Pius XII: Under the Roman Sky (Sotto il cielo di Roma, Pius XII., also known just as Under the Roman Sky) is a 2010 Italian-German television film directed by Christian Duguay and starring James Cromwell, Alessandra Mastronardi and Marco Foschi. The film is set during the Nazi German occupation of Rome, between September 1943 and June 1944.

== Plot ==
Italy signed the Armistice of Cassibile on September 3, 1943.

Davide proposes to Miriam, but she declines to marry him.

The Jewish community in Rome acquiesces to give the Nazi troops 50 kilograms of gold.

During his tenure as the Pope, Pius XII vacillates in explicitly naming and condemning the racialist policies of Nazi leaders.
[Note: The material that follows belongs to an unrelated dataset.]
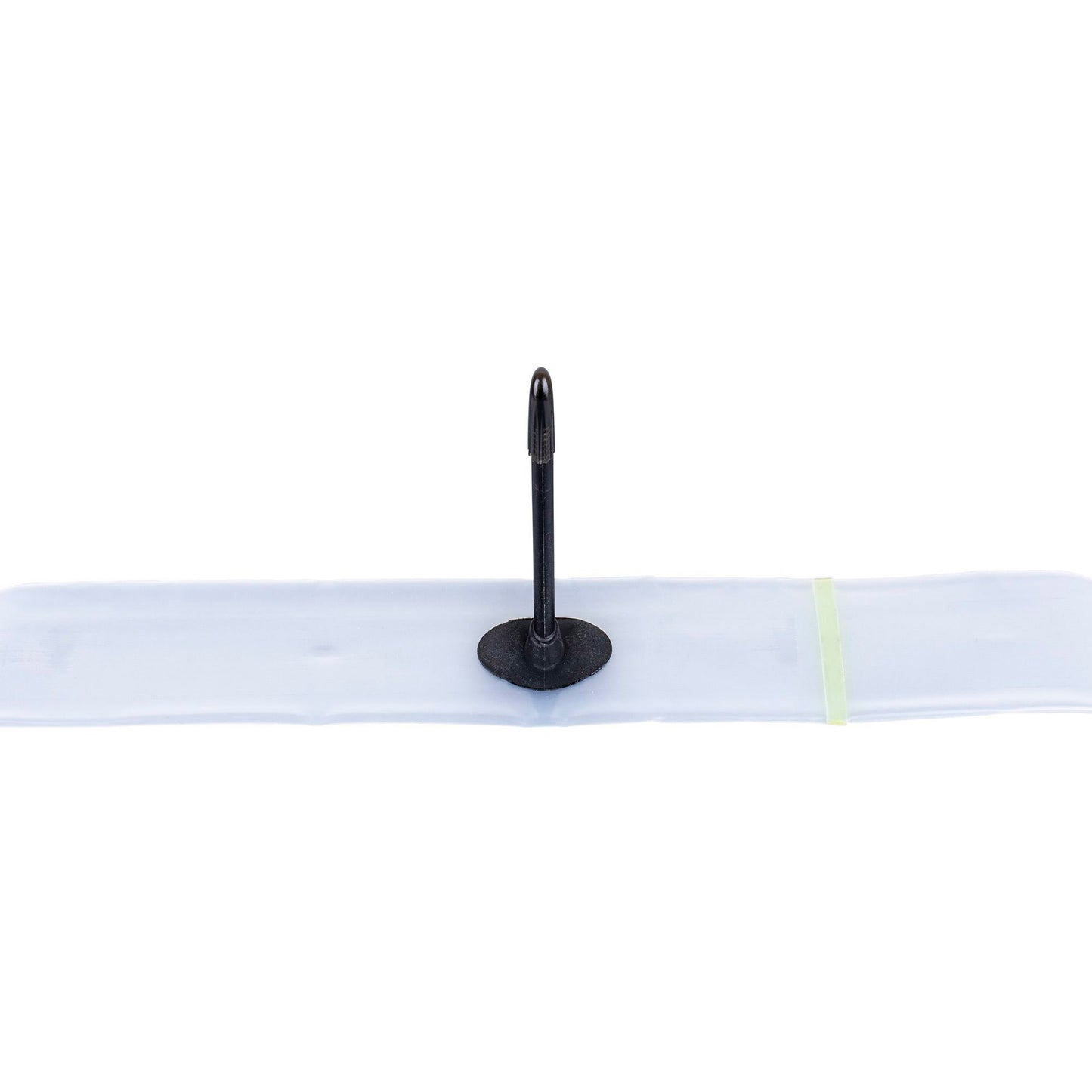 Schwalbe interno tubo sv17e aerothan 37 50-622 ib 40mm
His encyclicals like Summi Pontificatus are nuanced.

Fears grow that the Nazi military leaders might abduct Pope Pius XII as one military commander reminds another that Napoleon abducted Pope Pius VI.

== Cast ==
- James Cromwell as Pope Pius XII
- Alessandra Mastronardi as Miriam
- Marco Foschi as Davide
- Miguel Herz-Kestranek as Pankratius Pfeiffer
- Ettore Bassi as Marco
- Andrea Tidona as Armando
- Vincent Riotta as Dante Cimino
- Margot Sikabonyi as Nadia
- Ken Duken as Danneker
- Holger Daemgen as Stahel
- Mathias Herrmann as Karl Wolff
- Heinz Trixner as Weiszacker
- Cesare Bocci as Giovanni Battista Montini
- Christine Neubauer as Sister Pascalina
- Fiorella Migliore as Lia
- Nathalie Rapti-Gomez as Bianca

==Controversies==
The film raised several controversies because of its portrait of Pope Pius XII and its historical inaccuracies. Chief rabbi of Rome Riccardo Di Segni described the film as "a propagandistic piece of crap, an apologetic work" which was "full of errors and inaccuracies" and "absolutory on the choices, events and silences of the papacy of Pius XII". Writer Corrado Augias was among the most critical about the TV-movie, describing it as a fiction whose only purpose was "to sketch a figure as best as possible in preparation for sainthood", and underling some major historical falsehoods such as a peaceful retreat of Nazi Germans thanks to Vatican pressure, ignoring several massacres such as La Storta massacre, and that Pope Pius XII personally intervened to avoid the raid on the Roman Ghetto.

Producer Luca Bernabei acknowledged some inaccuracies but defended the film, claiming it was not to be intended as a documentary, while screenwriters Fabrizio Bettelli and Francesco Arlanch contended that "our purpose was to write a story, not to make a historical judgment".